**What to do:** Give back the entire listing verbatim.

**Source records:**
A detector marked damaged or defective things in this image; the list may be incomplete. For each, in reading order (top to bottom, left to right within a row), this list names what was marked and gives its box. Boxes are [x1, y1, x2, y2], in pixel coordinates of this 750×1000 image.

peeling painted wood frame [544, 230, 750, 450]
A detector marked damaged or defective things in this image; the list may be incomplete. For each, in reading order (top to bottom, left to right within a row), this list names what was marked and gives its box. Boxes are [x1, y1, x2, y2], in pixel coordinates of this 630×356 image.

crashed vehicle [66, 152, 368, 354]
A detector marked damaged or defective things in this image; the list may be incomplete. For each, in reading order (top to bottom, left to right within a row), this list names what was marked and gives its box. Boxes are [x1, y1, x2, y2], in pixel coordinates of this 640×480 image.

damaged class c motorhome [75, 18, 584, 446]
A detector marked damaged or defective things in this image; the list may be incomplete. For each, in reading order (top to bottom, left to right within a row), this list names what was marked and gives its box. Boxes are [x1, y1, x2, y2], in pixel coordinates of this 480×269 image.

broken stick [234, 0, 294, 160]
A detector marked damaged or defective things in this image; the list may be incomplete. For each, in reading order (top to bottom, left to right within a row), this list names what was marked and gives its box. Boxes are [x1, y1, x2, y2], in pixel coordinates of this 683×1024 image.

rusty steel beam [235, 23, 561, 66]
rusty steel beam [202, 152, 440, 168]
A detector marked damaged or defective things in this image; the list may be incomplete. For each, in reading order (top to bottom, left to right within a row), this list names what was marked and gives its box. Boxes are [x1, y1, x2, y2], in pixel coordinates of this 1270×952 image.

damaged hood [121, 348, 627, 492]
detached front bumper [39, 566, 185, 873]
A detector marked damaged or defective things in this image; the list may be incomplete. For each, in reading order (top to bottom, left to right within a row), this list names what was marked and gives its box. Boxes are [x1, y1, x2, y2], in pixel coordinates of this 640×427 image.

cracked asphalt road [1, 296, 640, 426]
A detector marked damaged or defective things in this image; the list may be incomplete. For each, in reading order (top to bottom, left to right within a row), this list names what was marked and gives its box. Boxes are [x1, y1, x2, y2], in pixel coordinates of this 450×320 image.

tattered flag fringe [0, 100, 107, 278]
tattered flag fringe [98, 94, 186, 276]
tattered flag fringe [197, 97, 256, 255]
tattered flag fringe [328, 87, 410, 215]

**Result of this task:**
A detector marked damaged or defective things in this image; the list may be incomplete. For each, in reading order (top to bottom, left to right within a row), this list names what was marked and gives its box. Boxes are [x1, y1, x2, y2], in pixel coordinates of this 750×1000 image.

peeling painted wood frame [544, 230, 750, 450]
A detector marked damaged or defective things in this image; the list may be incomplete. For each, in reading order (top to bottom, left to right within a row), this list names what was marked and gives its box. Boxes are [x1, y1, x2, y2], in pixel coordinates of this 630×356 image.

crashed vehicle [66, 152, 368, 354]
A detector marked damaged or defective things in this image; the list may be incomplete. For each, in reading order (top to bottom, left to right within a row), this list names what was marked and gives its box. Boxes are [x1, y1, x2, y2], in pixel coordinates of this 640×480 image.

damaged class c motorhome [75, 18, 584, 446]
A detector marked damaged or defective things in this image; the list may be incomplete. For each, in reading order (top to bottom, left to right within a row), this list names what was marked and gives its box. Boxes are [x1, y1, x2, y2], in pixel coordinates of this 480×269 image.

broken stick [234, 0, 294, 160]
A detector marked damaged or defective things in this image; the list may be incomplete. For each, in reading order (top to bottom, left to right within a row), this list names what was marked and gives its box. Boxes are [x1, y1, x2, y2], in pixel coordinates of this 683×1024 image.

rusty steel beam [235, 23, 561, 66]
rusty steel beam [202, 152, 440, 168]
A detector marked damaged or defective things in this image; the list may be incomplete. For each, in reading order (top to bottom, left to right within a row), this list names what was marked and gives its box. Boxes are [x1, y1, x2, y2], in pixel coordinates of this 1270×952 image.

damaged hood [121, 348, 627, 492]
detached front bumper [39, 566, 185, 873]
A detector marked damaged or defective things in this image; the list may be incomplete. For each, in reading order (top to bottom, left to right within a row), this list names what was marked and gives its box. Boxes are [x1, y1, x2, y2], in pixel coordinates of this 640×427 image.

cracked asphalt road [1, 296, 640, 426]
A detector marked damaged or defective things in this image; the list may be incomplete. For each, in reading order (top to bottom, left to right within a row), this list names what was marked and gives its box. Boxes are [x1, y1, x2, y2], in pixel coordinates of this 450×320 image.

tattered flag fringe [0, 100, 107, 278]
tattered flag fringe [98, 94, 186, 276]
tattered flag fringe [197, 97, 256, 255]
tattered flag fringe [328, 87, 410, 215]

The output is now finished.